◆ Your goal
Transcribe the records word for word, beginning with the first line and ending with the line that contains "Elegant Royal Blue"; include nothing else.

◆ Listed records
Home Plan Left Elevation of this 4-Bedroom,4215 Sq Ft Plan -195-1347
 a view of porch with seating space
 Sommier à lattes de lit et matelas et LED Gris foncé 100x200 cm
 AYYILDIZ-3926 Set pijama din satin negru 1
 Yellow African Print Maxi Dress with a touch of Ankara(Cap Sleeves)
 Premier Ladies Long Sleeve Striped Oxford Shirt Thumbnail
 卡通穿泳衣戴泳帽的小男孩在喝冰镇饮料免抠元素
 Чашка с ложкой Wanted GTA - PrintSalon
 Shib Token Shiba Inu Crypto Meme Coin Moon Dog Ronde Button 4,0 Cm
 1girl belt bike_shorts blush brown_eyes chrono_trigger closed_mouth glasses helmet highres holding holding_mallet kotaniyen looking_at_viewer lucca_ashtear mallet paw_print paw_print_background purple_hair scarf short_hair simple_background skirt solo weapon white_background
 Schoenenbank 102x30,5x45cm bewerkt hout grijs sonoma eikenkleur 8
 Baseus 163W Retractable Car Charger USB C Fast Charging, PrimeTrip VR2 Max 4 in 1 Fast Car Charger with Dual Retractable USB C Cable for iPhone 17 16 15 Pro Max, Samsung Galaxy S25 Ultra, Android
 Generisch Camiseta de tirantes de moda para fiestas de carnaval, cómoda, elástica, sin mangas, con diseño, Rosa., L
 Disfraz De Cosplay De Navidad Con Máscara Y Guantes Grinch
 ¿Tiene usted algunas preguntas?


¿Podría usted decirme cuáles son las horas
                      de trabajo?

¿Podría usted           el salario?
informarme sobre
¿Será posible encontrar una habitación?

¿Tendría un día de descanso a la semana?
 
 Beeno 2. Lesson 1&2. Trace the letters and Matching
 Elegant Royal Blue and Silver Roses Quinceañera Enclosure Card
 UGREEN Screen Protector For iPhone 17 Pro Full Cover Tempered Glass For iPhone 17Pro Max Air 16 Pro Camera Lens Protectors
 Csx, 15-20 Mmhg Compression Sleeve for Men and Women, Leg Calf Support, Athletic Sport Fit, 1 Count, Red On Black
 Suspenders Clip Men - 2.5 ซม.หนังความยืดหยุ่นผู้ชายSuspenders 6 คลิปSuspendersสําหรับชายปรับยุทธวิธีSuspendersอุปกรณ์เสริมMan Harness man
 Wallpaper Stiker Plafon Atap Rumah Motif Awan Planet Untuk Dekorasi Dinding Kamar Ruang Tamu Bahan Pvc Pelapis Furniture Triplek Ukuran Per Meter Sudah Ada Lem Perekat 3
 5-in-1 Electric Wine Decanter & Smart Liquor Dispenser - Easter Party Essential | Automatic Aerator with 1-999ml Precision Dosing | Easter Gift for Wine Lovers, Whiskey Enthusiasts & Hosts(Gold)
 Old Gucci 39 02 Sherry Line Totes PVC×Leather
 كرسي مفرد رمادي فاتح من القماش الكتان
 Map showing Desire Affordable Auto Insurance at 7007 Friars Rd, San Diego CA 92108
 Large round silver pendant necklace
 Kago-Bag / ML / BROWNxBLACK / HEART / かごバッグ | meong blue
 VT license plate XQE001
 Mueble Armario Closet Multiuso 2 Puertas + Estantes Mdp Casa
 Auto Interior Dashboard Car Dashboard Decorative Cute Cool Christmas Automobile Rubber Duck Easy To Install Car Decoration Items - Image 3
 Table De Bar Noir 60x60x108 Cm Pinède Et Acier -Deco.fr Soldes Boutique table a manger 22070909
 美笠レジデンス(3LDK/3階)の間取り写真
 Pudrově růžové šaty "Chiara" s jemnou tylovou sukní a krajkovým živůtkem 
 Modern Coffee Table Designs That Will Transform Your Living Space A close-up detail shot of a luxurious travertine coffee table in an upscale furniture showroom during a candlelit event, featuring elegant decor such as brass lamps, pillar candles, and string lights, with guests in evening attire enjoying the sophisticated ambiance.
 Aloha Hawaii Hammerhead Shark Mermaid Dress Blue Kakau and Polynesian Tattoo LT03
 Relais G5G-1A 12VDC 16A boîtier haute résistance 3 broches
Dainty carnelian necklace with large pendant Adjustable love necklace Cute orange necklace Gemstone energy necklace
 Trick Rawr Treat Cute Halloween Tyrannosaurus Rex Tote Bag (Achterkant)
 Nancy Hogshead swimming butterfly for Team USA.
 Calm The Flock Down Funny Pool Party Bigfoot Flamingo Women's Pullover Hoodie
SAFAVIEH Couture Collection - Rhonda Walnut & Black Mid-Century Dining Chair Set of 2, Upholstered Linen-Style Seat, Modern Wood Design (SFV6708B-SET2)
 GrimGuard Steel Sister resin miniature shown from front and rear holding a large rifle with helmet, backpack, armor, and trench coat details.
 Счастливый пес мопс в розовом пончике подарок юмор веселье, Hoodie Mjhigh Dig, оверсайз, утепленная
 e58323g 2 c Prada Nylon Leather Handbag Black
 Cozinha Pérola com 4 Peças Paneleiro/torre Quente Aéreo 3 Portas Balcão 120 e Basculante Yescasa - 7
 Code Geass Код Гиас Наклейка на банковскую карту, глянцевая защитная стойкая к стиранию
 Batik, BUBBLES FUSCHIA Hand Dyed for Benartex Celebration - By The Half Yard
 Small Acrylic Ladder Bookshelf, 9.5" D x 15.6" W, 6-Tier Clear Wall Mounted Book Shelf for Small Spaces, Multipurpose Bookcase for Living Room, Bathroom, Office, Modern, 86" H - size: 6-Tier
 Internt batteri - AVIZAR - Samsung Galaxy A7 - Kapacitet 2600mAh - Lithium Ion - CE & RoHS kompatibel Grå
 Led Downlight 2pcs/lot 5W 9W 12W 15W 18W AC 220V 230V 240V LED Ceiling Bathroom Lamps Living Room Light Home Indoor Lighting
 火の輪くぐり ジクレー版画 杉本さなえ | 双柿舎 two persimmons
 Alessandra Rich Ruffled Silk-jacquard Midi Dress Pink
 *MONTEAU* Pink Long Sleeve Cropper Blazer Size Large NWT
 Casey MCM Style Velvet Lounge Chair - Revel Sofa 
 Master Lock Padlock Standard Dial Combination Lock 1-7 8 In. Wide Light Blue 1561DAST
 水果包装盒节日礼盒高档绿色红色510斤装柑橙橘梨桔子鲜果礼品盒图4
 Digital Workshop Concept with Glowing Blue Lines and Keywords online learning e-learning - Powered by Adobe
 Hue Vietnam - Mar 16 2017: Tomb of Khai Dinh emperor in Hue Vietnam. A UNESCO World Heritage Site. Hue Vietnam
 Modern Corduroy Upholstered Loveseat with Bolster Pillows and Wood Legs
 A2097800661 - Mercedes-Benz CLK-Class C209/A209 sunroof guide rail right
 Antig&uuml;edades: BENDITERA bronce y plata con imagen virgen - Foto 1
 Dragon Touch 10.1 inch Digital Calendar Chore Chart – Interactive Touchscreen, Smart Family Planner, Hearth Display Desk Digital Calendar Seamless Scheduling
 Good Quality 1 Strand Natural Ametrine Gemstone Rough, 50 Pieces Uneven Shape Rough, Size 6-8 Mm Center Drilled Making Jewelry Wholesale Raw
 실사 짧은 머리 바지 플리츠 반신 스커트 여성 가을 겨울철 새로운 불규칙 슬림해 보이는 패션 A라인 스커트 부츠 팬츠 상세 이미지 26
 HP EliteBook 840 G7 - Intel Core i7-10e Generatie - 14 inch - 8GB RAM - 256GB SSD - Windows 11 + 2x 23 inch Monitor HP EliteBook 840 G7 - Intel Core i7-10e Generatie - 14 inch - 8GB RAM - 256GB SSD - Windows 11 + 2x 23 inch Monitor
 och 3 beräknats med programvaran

◆ Exercise solution
Home Plan Left Elevation of this 4-Bedroom,4215 Sq Ft Plan -195-1347
 a view of porch with seating space
 Sommier à lattes de lit et matelas et LED Gris foncé 100x200 cm
 AYYILDIZ-3926 Set pijama din satin negru 1
 Yellow African Print Maxi Dress with a touch of Ankara(Cap Sleeves)
 Premier Ladies Long Sleeve Striped Oxford Shirt Thumbnail
 卡通穿泳衣戴泳帽的小男孩在喝冰镇饮料免抠元素
 Чашка с ложкой Wanted GTA - PrintSalon
 Shib Token Shiba Inu Crypto Meme Coin Moon Dog Ronde Button 4,0 Cm
 1girl belt bike_shorts blush brown_eyes chrono_trigger closed_mouth glasses helmet highres holding holding_mallet kotaniyen looking_at_viewer lucca_ashtear mallet paw_print paw_print_background purple_hair scarf short_hair simple_background skirt solo weapon white_background
 Schoenenbank 102x30,5x45cm bewerkt hout grijs sonoma eikenkleur 8
 Baseus 163W Retractable Car Charger USB C Fast Charging, PrimeTrip VR2 Max 4 in 1 Fast Car Charger with Dual Retractable USB C Cable for iPhone 17 16 15 Pro Max, Samsung Galaxy S25 Ultra, Android
 Generisch Camiseta de tirantes de moda para fiestas de carnaval, cómoda, elástica, sin mangas, con diseño, Rosa., L
 Disfraz De Cosplay De Navidad Con Máscara Y Guantes Grinch
 ¿Tiene usted algunas preguntas?


¿Podría usted decirme cuáles son las horas
                      de trabajo?

¿Podría usted           el salario?
informarme sobre
¿Será posible encontrar una habitación?

¿Tendría un día de descanso a la semana?
 
 Beeno 2. Lesson 1&2. Trace the letters and Matching
 Elegant Royal Blue and Silver Roses Quinceañera Enclosure Card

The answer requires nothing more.